Using the notion of commissioning in education is one of the main research agendas in our educational technology subgroup. However, commissioning is a very general term that is used in a variety of ways. Below, I will try to explain what I mean when I say commissioning in education and especially as it applies to the general commissioning platform that we are working on.

In the North East, as well as in most other regions, there is a wealth of intellectual, social, and physical resources that are under-utilized, and in some cases not utilized at all, despite their great potential to contribute to improving the learning experience and social capital of students. A number of initiatives have been made by individuals or organizations to link schools and businesses, public sector, and non-profit organisations, but these are done on a small scale and require a significant amount of coordination. These initiatives have usually proved to be very successful, with benefits to all the partners involved, but due to the amount of effort required to coordinate them, they remain small initiatives lasting only for a limited period of time. Our goal is to build a platform that can play a major role in building school-community partnerships with minimum manual coordination to ensure scalability and sustainability. It is an ambitious goal with many challenges, but that’s what makes it interesting and worthy of being a major research project.

Accordingly, the platform needs to support the following main features:

  • Allow anybody, including students, parents or local businesses, to propose a campaign, learning resource or data collection.
  • Provide tools and channels to help in promoting this idea with the aim of collecting enough endorsements to validate the need and support for any proposal.
  • Once enough support has been gathered, the platform must provide the mechanisms to prepare the required resources. This stage will vary largely depending on the proposed idea.

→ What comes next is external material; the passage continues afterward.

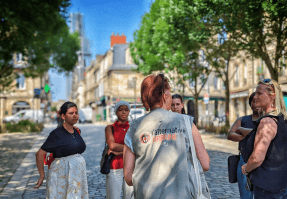 Balade urbaine à Saint Michel : "Quartier au féminin Elles ont marqué Saint-Michel"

The main roles identified here are those of the idea proposer, supporters, contributors, and users/beneficiaries. Any person or organisation can play any of these roles. That is, while a local organisation can commission a school to carry out a certain project-based learning activity that has an educational benefit, the school, or even the students themselves, can commission the community members to contribute resources or collect data for them to use in school projects. The platform must therefore allow for a reciprocal relationship between the schools and their communities.

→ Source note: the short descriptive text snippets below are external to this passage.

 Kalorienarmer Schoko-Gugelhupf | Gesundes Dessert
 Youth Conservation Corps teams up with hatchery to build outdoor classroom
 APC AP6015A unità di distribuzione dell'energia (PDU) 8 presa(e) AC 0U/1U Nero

A commissioning platform in practice

Here is an example scenario of how the commissioning platform can be used:

A village shop owner wants to increase awareness about the benefits of shopping from the local village shop versus larger city supermarkets. The owner proposes the idea on the platform with the aim of commissioning students of the village school to lead an awareness campaign on the benefits of using local shops.

The idea gains support from other shop owners and some parents, and a geography teacher at the local school learns about the project.

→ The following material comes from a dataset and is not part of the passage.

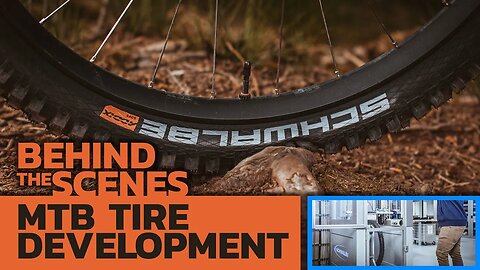 Recycled Rubber and Tire Development - Schwalbe Eddy Current #emtb Tire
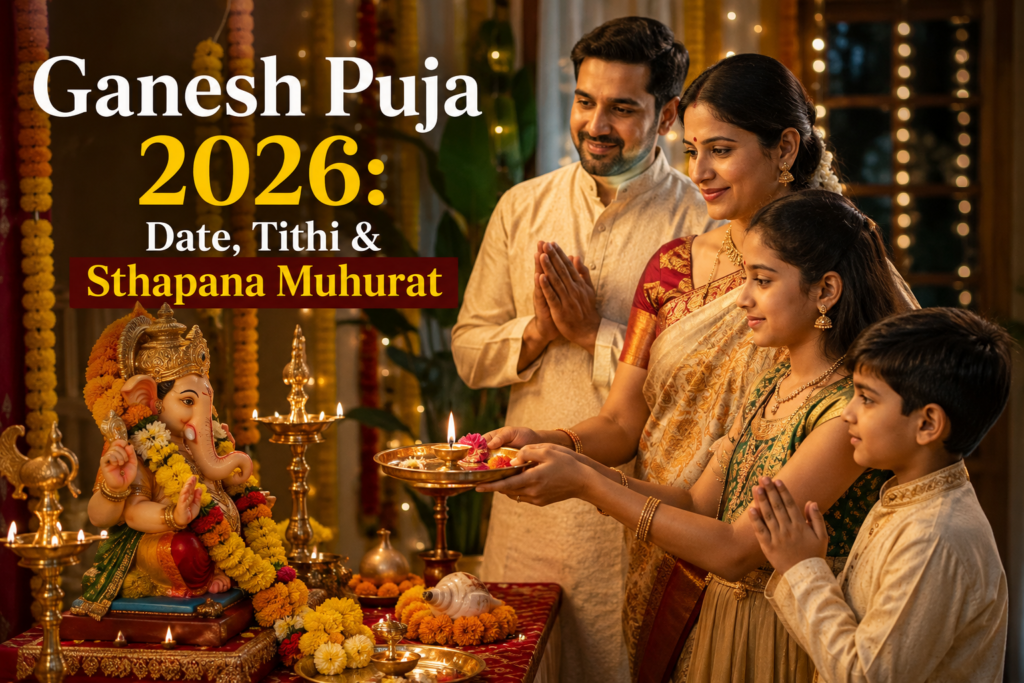 When is Ganesh Chaturthi : Ganesh Puja 2026 Date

The project moves to the design phase. The shop owners, with the help of the teacher, shape this idea into a project-based learning activity with clear learning goals. They agree on some key points to address, a time scale, and possible outcomes, such as flyers and an awareness video.

This ends up being a well-defined project-based learning activity that ticks a number of learning objectives around economy, society, environment, effects, and change; one that other teachers can use for their local areas as well.

Whilst carrying out the project, the students decide to start their own commissioning activity where they commission the local community to record short videos on mobile phones and provide data for the students to use to produce their flyers and awareness video.